The attack has gotten some aid from the midfield. Freshman Sergio Perkovic has boosted his output, averaging 2.0 points in the team's five-game winning streak after averaging 1.5 points in the first 11 contests. Senior Jim Marlatt (River Hill) has compiled seven points over that same stretch.

"Our middies are stepping up," Kavanagh said. Opposing defenses "are on me and Conor, kind of shutting us off and playing pressure. So it gives the middies a lot more room to work. So we have to work around them and give them some shots, and they've been falling."

An unlikely source for offense has been a defense savvy enough to convert turnovers and stops into transition opportunities. That development is embodied by junior short-stick defensive midfielder Jack Near, who has nine goals and five assists and is on a six-game point streak.

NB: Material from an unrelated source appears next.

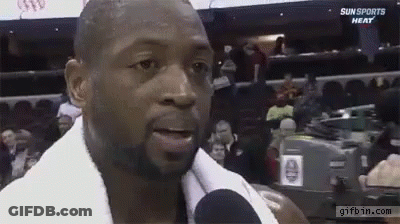 A Man With A Towel Around His Neck Is Talking Into A Microphone At A Sun Sports Heat Game . GIF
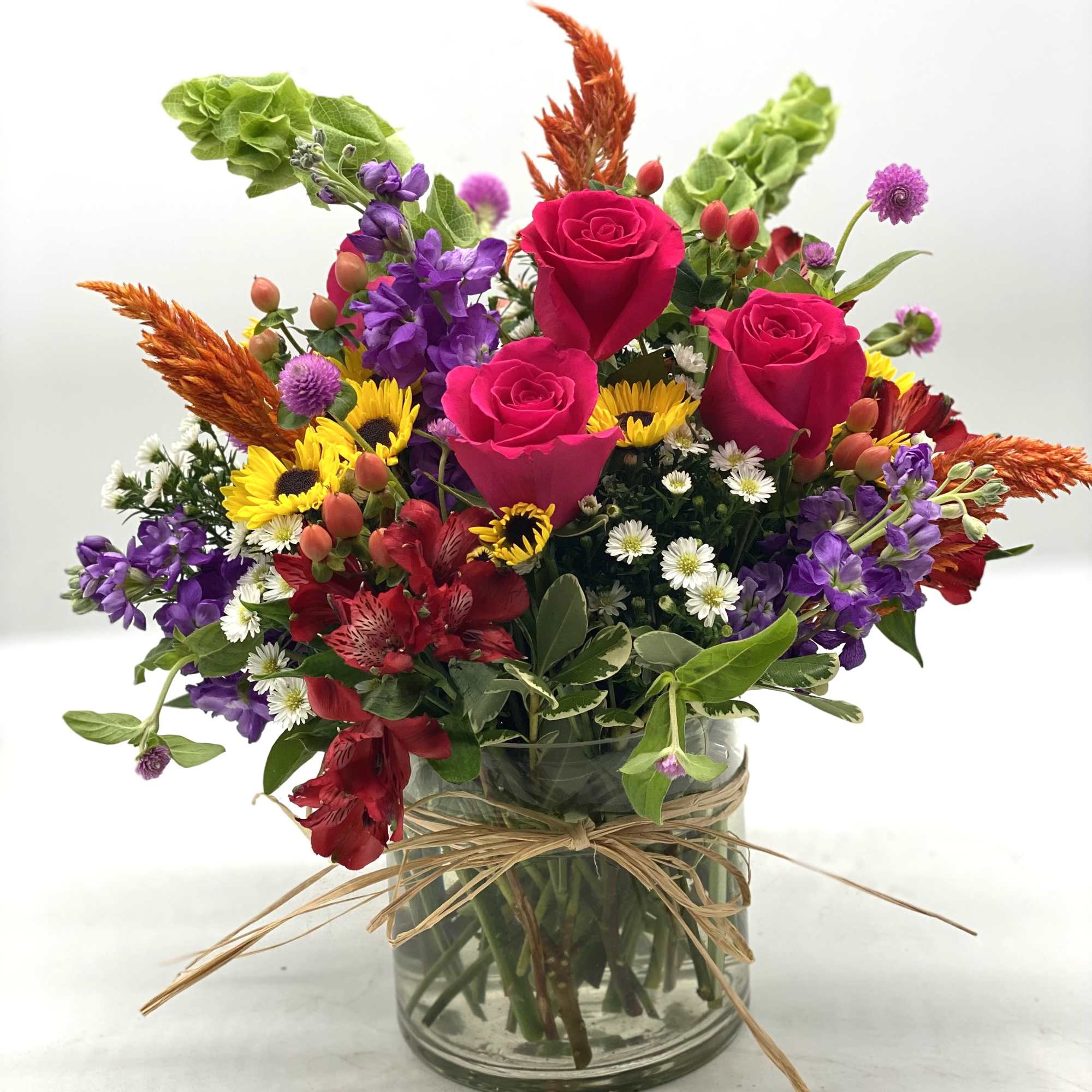 Mixed bouquet of roses, sunflowers, and purple flowers in a glass vase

"In years past, we would just try and get possession of the ball after we got a stop by the defense and set up our offense and we'd go into it," said Doyle, who has 30 goals and 15 assists. "This year, when the defensive middies cross midfield, we're attacking right away. I think that's made a difference for us."

ESPN analyst Mark Dixon said the credit for the offense's makeover should go to coach Kevin Corrigan.

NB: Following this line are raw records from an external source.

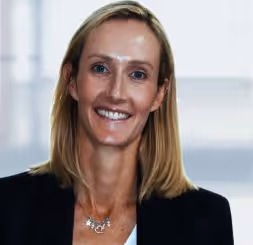 Smiling woman with shoulder-length blonde hair wearing a black blazer and silver necklace against a blurred background.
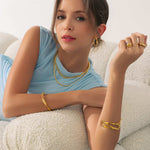 Disco Mesh Gold Bracelet by Lavana, on model twist mesh surface polished finish Melt gold open ring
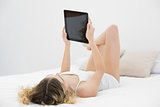 Pretty calm blonde lying on bed holding tablet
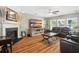 Inviting living room with a fireplace, ceiling fan, wood floors, and a comfortable leather sectional sofa at 7164 Sweetgrass Blvd, Hanahan, SC 29410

"They've just taken the reins off that offense," Dixon said. "I think Kevin Corrigan is a tremendous coach, and he's smart enough to realize that sometimes you need to get out of the way and you need to just let your kids play. And I think that's what Notre Dame has done, and it has been fun to watch because those guys can sling it and they can get up and down the field."

For his part, Corrigan is quick to point out that this is the same offense that opened the season with 19 goals on Jacksonville, 11 on North Carolina and 18 on Virginia in the team's first three wins.

"We've been productive offensively on and off all year, but just like every team, we're going through the throes of a season and learning when people defend us well or do something against us that causes us problems or when somebody on our team is struggling, where do you go next and what do you do next," he said. "So I don't look at it the same way you do because I remember beating Maryland, 6-5, [in an ACC tournament semifinal on April 25] in probably the biggest game of the year for us. You're playing the game you're playing. That's the biggest thing."

The Fighting Irish scored just 14 goals in two meetings with the Terps earlier in the season, but Maryland coach John Tillman is understandably wary of Notre Dame's transformation.


"If you look at the number of goals they've been scoring lately, they are a different team," he said. "I think they're attacking so much more in unsettled situations, transition. So that's something that is concerning to us. We've got to make sure that we understand that this is not the team that we played a month ago in terms of style and maybe some of the things that they're doing."